Is Archbishop Chaput Trolling Pope Francis?
“So,” a colleague asked me this week, “Is Archbishop Chaput trolling the pope?”
It was a funny notion — putting the leader of the city’s Catholics on par with a Philly.com commenter — but my colleague had a real reason for asking the question.
On Saturday, Pope Francis punctuated his trip to Latin America by meeting with Paraguayan activists — including Simón Cazal, an LGBT activist who has been married to his partner since 2012, and who had been specifically invited to the gathering by the church.
On Monday, Archbishop Charles Chaput put out a statement praising local Catholic school Waldron Mercy for firing a long-tenured, much-loved teacher … who happens to be gay.
“There are no people of first, of second or third class,” the pope said. “Dignity is for everyone.”
Maybe not everyone, the archbishop seemed to respond. “It’s a simple matter of honesty,” he said.
The disconnect was so abrupt, so dizzying, and so soon before the pontiff’s September visit to Philly that my colleague’s inquiry didn’t seem so crazy. Was the archbishop trolling the pope?
The likely answer? Probably not — at least if you understand “trolling” to be meaningless incitement for its own sake. On the contrary, Chaput seems to have a specific mission in mind — to lay down a marker for what the church’s teachings on gay relationships and should be — and he doesn’t have time to wait until after the pope’s visit to begin making his case.
Why? Consider the following:
• While it’s true that Pope Francis hasn’t changed church teaching on homosexuality — short version: gay relationships are “intrinsically disordered” — it’s also true that he’s made a tremendous effort to reach out to the LGBT community. It started with his “who am I to judge?” comment in 2013, and then was followed by a private January meeting — in the Vatican! — with a trans man from Spain, which itself was followed by a March meeting in Naples with 10 gay, transgender and HIV-positive prisoners.
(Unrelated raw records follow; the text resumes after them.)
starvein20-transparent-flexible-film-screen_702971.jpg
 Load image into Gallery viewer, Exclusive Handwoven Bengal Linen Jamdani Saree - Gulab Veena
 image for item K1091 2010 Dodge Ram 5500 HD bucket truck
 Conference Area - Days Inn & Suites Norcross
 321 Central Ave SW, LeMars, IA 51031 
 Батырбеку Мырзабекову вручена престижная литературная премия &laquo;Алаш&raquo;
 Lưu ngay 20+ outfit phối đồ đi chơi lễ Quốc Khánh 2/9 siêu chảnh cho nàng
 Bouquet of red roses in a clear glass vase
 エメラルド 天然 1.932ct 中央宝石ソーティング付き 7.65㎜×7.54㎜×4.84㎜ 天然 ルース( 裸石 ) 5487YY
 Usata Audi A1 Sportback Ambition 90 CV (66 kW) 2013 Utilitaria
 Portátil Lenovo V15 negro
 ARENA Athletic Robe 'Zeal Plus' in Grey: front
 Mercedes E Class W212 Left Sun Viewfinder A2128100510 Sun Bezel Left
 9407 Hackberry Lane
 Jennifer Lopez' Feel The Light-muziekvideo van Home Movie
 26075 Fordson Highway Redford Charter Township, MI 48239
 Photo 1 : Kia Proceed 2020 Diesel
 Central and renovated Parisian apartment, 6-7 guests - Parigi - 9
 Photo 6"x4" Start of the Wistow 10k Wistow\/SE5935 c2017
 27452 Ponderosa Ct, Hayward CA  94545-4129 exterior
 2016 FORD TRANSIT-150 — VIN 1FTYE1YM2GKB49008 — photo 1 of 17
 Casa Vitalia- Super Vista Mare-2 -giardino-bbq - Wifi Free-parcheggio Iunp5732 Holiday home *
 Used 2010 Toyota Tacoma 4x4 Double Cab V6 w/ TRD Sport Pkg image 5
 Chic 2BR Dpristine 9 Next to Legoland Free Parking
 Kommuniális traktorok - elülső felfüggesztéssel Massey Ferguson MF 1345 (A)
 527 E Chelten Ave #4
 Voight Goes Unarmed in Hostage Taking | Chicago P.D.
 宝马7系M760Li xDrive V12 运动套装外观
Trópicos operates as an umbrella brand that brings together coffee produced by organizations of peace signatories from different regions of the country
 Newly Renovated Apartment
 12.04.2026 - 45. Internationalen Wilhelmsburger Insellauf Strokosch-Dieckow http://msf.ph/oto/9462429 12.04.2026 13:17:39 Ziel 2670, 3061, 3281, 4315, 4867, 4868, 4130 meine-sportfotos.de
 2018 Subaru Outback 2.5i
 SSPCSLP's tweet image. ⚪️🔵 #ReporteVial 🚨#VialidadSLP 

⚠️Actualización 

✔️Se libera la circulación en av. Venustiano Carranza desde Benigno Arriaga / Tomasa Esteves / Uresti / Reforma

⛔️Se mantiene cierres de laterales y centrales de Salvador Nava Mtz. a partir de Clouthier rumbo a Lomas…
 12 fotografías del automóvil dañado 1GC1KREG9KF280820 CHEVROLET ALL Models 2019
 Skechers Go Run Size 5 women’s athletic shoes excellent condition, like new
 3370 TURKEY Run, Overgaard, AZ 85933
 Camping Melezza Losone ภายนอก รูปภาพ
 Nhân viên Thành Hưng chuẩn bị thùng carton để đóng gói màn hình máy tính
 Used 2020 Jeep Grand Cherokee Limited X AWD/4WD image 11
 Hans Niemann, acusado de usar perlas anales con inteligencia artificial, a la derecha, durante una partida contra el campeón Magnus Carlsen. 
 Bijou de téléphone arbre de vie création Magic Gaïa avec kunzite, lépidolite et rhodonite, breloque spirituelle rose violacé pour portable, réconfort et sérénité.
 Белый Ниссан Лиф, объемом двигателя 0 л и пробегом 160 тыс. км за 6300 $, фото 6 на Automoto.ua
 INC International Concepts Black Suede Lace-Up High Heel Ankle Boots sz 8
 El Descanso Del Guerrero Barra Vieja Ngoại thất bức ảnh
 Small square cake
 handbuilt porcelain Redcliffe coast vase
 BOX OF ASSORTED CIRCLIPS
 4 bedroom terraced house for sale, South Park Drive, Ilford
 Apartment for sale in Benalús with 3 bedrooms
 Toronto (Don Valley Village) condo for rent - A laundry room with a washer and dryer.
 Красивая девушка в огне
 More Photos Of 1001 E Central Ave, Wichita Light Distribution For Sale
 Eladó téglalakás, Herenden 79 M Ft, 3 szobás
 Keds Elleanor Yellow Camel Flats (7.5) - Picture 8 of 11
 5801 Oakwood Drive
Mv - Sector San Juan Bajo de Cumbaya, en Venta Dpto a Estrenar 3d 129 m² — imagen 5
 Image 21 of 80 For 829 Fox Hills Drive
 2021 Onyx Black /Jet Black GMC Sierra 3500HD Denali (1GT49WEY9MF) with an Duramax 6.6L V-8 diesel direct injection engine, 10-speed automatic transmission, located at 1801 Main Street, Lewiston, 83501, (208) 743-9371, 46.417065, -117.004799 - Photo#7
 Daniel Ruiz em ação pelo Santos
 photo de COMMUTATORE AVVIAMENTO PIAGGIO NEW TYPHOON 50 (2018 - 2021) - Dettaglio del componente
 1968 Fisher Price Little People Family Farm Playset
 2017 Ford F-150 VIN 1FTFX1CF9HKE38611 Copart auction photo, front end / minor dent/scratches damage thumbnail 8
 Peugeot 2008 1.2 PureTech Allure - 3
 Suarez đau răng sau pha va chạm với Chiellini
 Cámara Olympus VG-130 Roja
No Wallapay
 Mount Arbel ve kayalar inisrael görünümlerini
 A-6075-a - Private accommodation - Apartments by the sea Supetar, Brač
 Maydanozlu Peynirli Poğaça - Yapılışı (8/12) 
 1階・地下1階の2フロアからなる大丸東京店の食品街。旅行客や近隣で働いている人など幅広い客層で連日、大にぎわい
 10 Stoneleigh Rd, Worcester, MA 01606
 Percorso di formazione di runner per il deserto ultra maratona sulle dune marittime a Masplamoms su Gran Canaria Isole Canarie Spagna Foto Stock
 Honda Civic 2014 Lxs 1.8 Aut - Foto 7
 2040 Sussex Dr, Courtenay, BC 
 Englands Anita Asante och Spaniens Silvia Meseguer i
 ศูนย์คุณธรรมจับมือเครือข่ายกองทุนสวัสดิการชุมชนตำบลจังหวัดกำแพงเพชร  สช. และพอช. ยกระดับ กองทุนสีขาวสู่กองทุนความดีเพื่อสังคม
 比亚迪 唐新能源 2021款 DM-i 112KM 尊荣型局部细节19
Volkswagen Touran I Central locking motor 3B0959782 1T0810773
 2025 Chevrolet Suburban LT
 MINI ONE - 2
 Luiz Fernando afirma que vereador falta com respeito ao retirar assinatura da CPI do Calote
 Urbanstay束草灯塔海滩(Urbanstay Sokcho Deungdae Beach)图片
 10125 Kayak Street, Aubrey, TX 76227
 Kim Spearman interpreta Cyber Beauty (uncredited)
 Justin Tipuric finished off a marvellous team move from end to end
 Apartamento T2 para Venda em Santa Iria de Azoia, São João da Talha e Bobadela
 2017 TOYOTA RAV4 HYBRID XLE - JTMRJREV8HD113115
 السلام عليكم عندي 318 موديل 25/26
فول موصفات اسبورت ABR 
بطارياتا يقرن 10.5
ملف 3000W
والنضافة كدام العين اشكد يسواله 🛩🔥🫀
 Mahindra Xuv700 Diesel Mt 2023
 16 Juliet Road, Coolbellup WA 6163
• Publicly, at least, Chaput has been far more focused on what gays and gay rights might to do damage the church — warning of a loss of religious liberty and suggesting American priests should cease to perform civil marriage ceremonies, lest participants get confused about the church’s stance on the issue. Even before Waldron Mercy fired Margie Winters, Chaput was the big ol’ wet blanket on Philly’s celebration of the Supreme Court decision legalizing gay marriage.
The difference between the two men, then, might be one of tone more than substance — but it’s such a difference of tone that it has substance.
Consider too:
• Winters worked at Waldron Mercy for seven years, and was in a relationship the entire time. Why was now — precisely now — the time to fire her? The school says a parent complained about her curriculum decisions, but if that’s the case, why not solve the curriculum issue? Why was her gayness an issue now? It’s odd to contemplate.
• And once the news of her firing broke, Chaput raised the matter’s profile by wading in. The archdiocese had said he had nothing to do with Waldron Mercy’s decision; he could’ve let the moment pass with almost no direct public involvement. Instead, Monday’s public statement drew national attention to a previously local matter.
“Schools describing themselves as Catholic take on the responsibility of teaching and witnessing the Catholic faith in a manner true to Catholic belief,” Chaput said. “There’s nothing complicated or controversial in this. It’s a simple matter of honesty. I’m very grateful to the Religious Sisters of Mercy and to the principal and board members of Waldron Mercy for taking the steps to ensure that the Catholic faith is presented in a way fully in accord with the teaching of the Church. They’ve shown character and common sense at a moment when both seem to be uncommon.”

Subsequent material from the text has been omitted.